Yelp for Business: Meet ChoiceVendor

If you’re in any way social media-savvy, you’ve probably encountered Yelp before. (If you haven’t, it’s one of the leading review sites on the web. Users can post reviews of various businesses and interact with people who post other reviews. If you’re working with a B2C company and they’re not on Yelp, drop what you’re doing right now and get them on it!)

Last week, a new service called ChoiceVendor launched. Essentially, it’s the Yelp for B2B companies. Businesses of any size can create an account on ChoiceVendor and review other businesses they’ve worked with.

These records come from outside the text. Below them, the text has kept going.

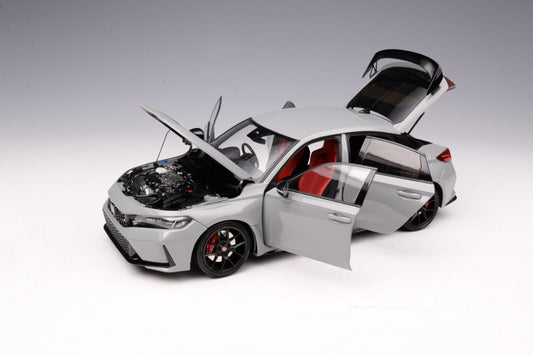 Motorhelix 1:18 Honda Civic Type R（FL5) Sonic Grey Pearl M85305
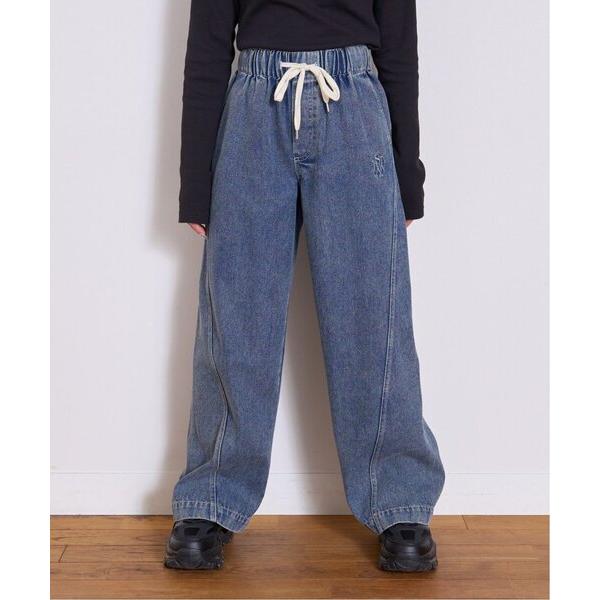 パンツ サマ見えイージープルオンパンツ キッズ 子供服 女の子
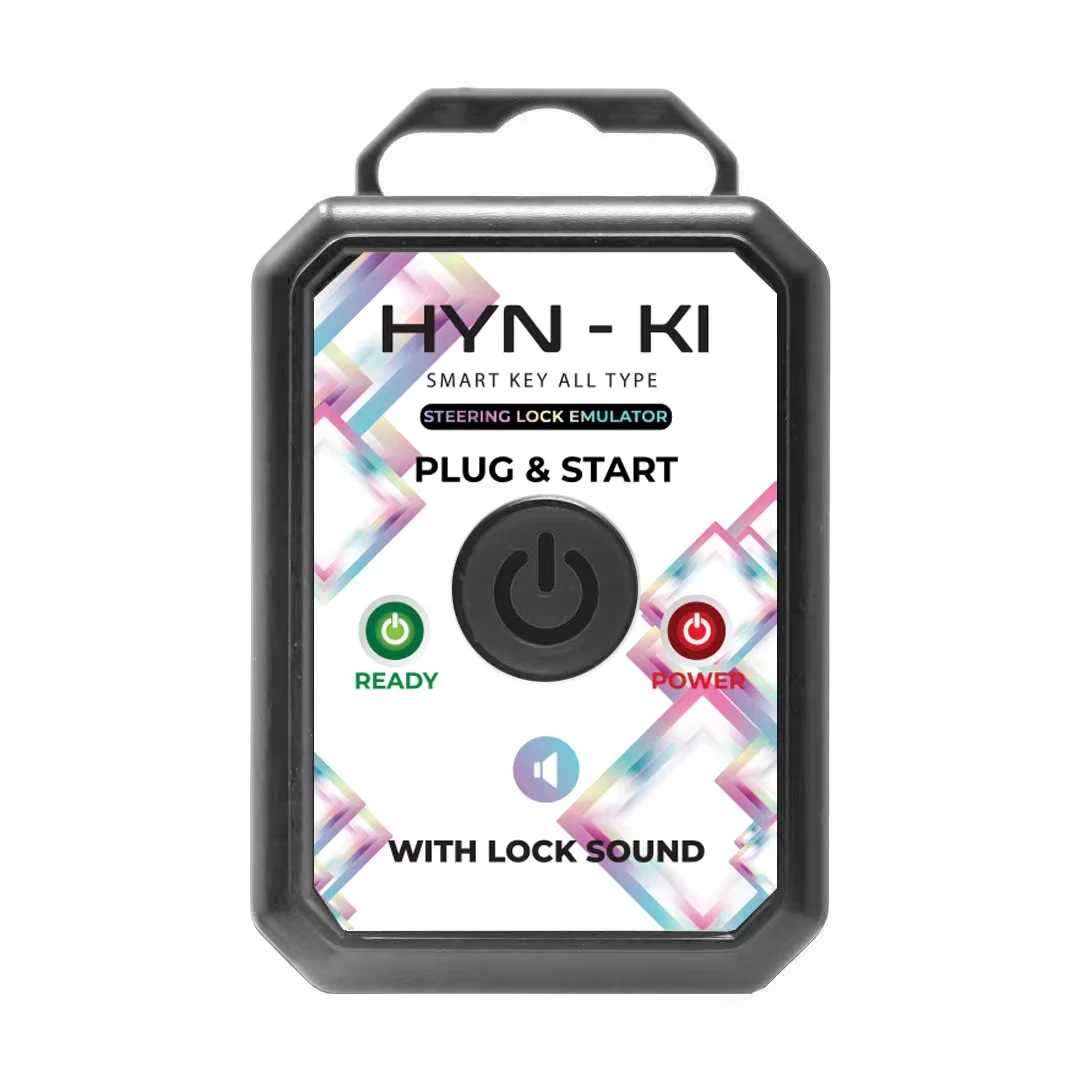 For Hyundai/Kia Steering Lock Emulator Simulator With Lock Sound Plug And Play No Need Adaptation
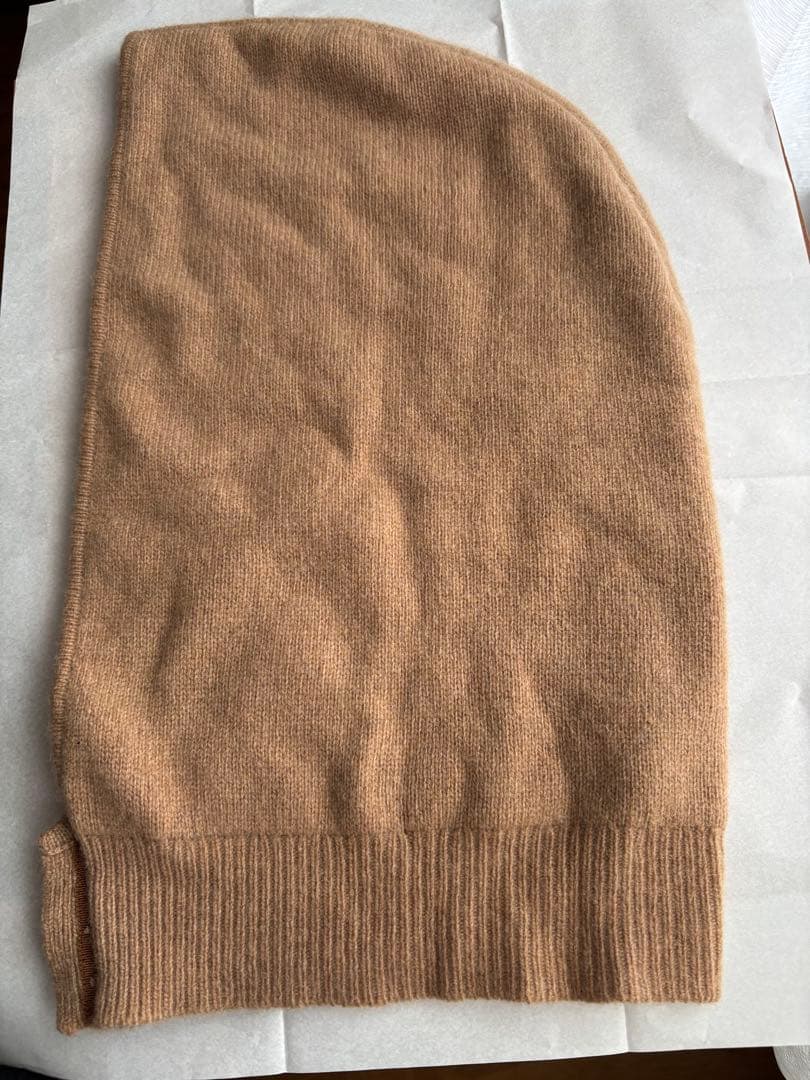 【完売品】 【再値下げ】mylan Eco Cashmere Knit Hood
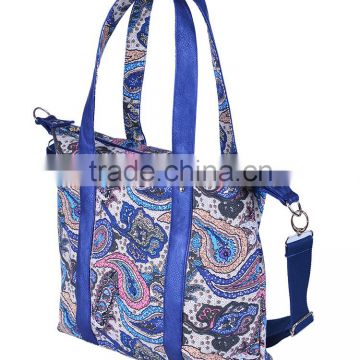 2016 original design multicolor ladies tote bag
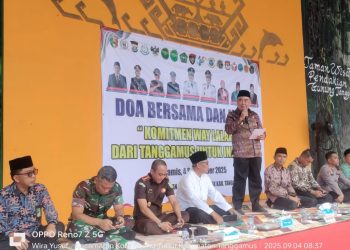 Tanggamus Gelar Doa Bersama dan Ikrar Damai untuk Menjaga Kondusivitas Wilayah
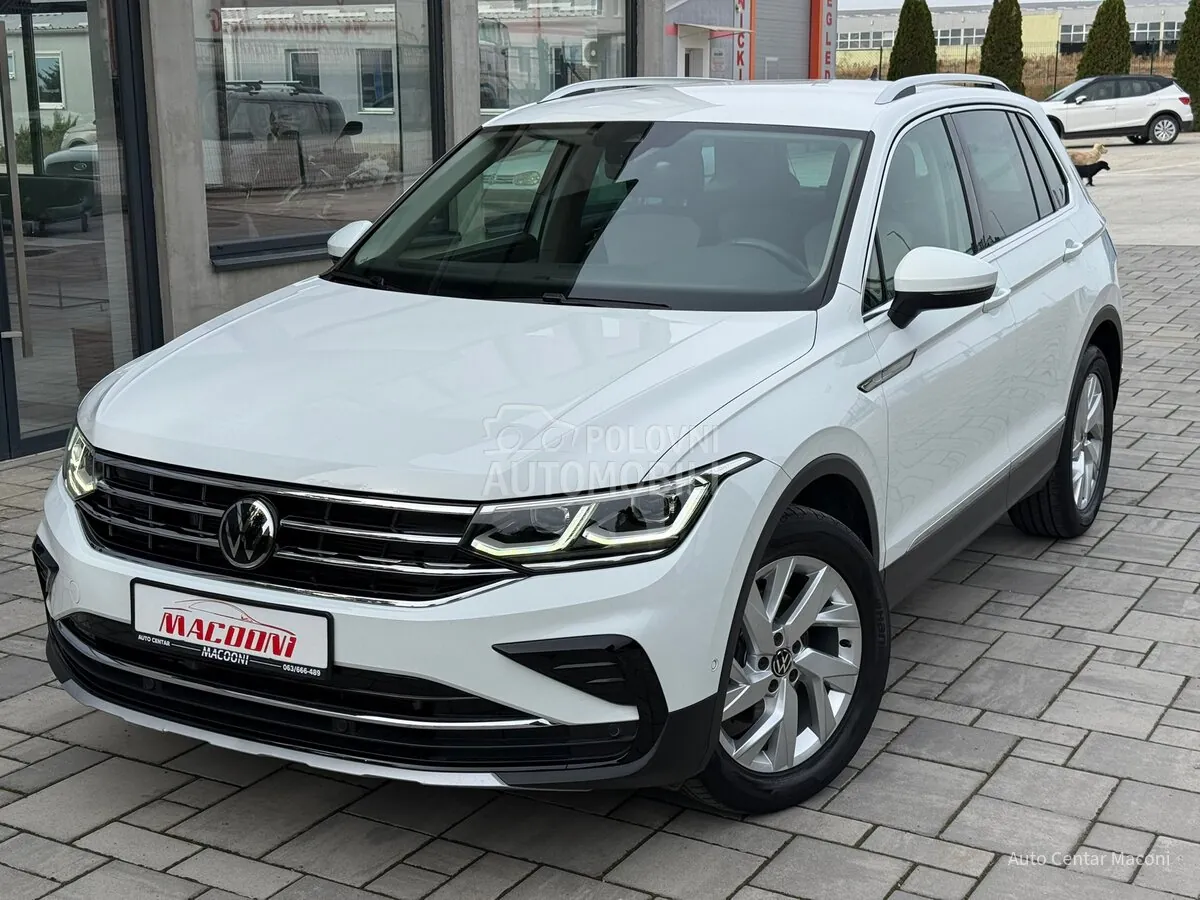 Volkswagen Tiguan 2022 photo 2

The implications for small and medium-sized businesses here are huge. As you know, Google Places leverages reviews from across the web to determine a company’s star ranking (hence, the importance of sites like Yelp for locally-focused businesses). Every positive review on Yelp can be extremely valuable to a company’s local search ranking, since Google places extra weight on listings with reviews.

Additionally, there’s an intangible value – the value of trust. If a customer finds a company where customers have gone out of their way to write 4- and 5-star reviews, they’re more likely to consider that company to do business with.

Which brings us back to ChoiceVendor. Up until now, small businesses haven’t had a great venue for their clients and customers to post reviews. With the deployment of this new service, that all changes. We expect to see Google indexing ChoiceVendor’s reviews sometime in the near future. If you have clients who operate in the B2B world, they would do well to make sure they have a claimed listing on ChoiceVendor, and try and solicit reviews from happy clients.

In the long run, the dividends will be huge.

**UPDATE 9/23/2010 – Looks like we weren’t the only ones to take notice – as of today, the ChoiceVendor team has announced that they’ve been acquired by LinkedIn. Congrats, Yanda and Rama!

Although the service is no longer available, we wouldn’t be surprised to see something coming from LinkedIn leveraging their data and technology soon. In the meantime, if you haven’t yet claimed your business on LinkedIn, now’s an excellent time to do it!